To visualize the performance of the proposed method in this paper, the CMC curves of some of the compared methods are shown for the Market1501 dataset, from which it can be seen that the weakly supervised multi-feature fusion model based on weakly supervised Re-ID outperforms the purely unsupervised algorithm in the Market1501 dataset and is not too far away from the performance of the strongly supervised algorithm. The CMC curves are shown in Figure 7.

Finally, the recognition results of the test images in the DuKeMTMC and Market-1501 datasets were visualized and displayed, as shown in Figure 8 and Figure 9. The first column is the query image, which tested pedestrian images with occlusion, severe lighting changes, and low resolution. Following closely are the returned matching results, where the correctly matched images are marked with green dashed boxes. The images that detect errors are all closer in appearance to the query images.

5. Conclusions

(1) This article aims to eliminate the need for expensive label work (for example, strong supervision requires many accurate datasets, which increases the annotation costs) in traditional pedestrian re-identification by considering the construction of a weakly supervised multi-feature fusion pedestrian re-identification algorithm. In this weakly supervised environment, there is no need to provide specific annotations to individuals in the surveillance video. The only requirement is to indicate whether someone appears in the given video, that is, whether they are in a package. In such a setting, given a set of detection character images, the algorithm model can search for a certain person and the videos they appear in.

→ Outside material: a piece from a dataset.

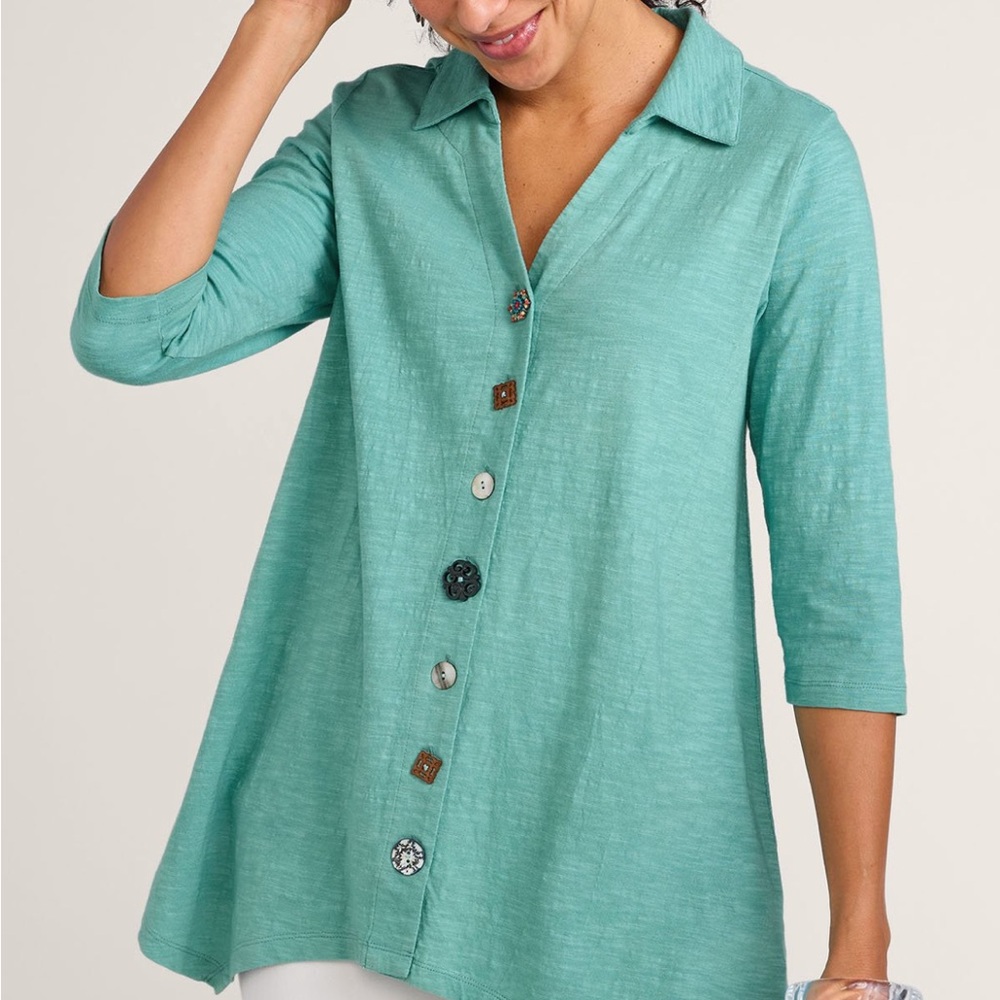 Soft Surroundings Danielle Tunic Top Uneven Hem XS 
Three Quarter Sleeve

(2) This article transforms the problem of weakly supervised pedestrian re-recognition into a multi-instance and multi-label problem, using multi-feature fusion to capture the dependency relationships between the images in each weakly annotated packet. This method can mine potential intra-class changes in packets from all camera views and potential cross-view changes between the same person’s cross packets, and use a graph model to assign pseudo-labels to images.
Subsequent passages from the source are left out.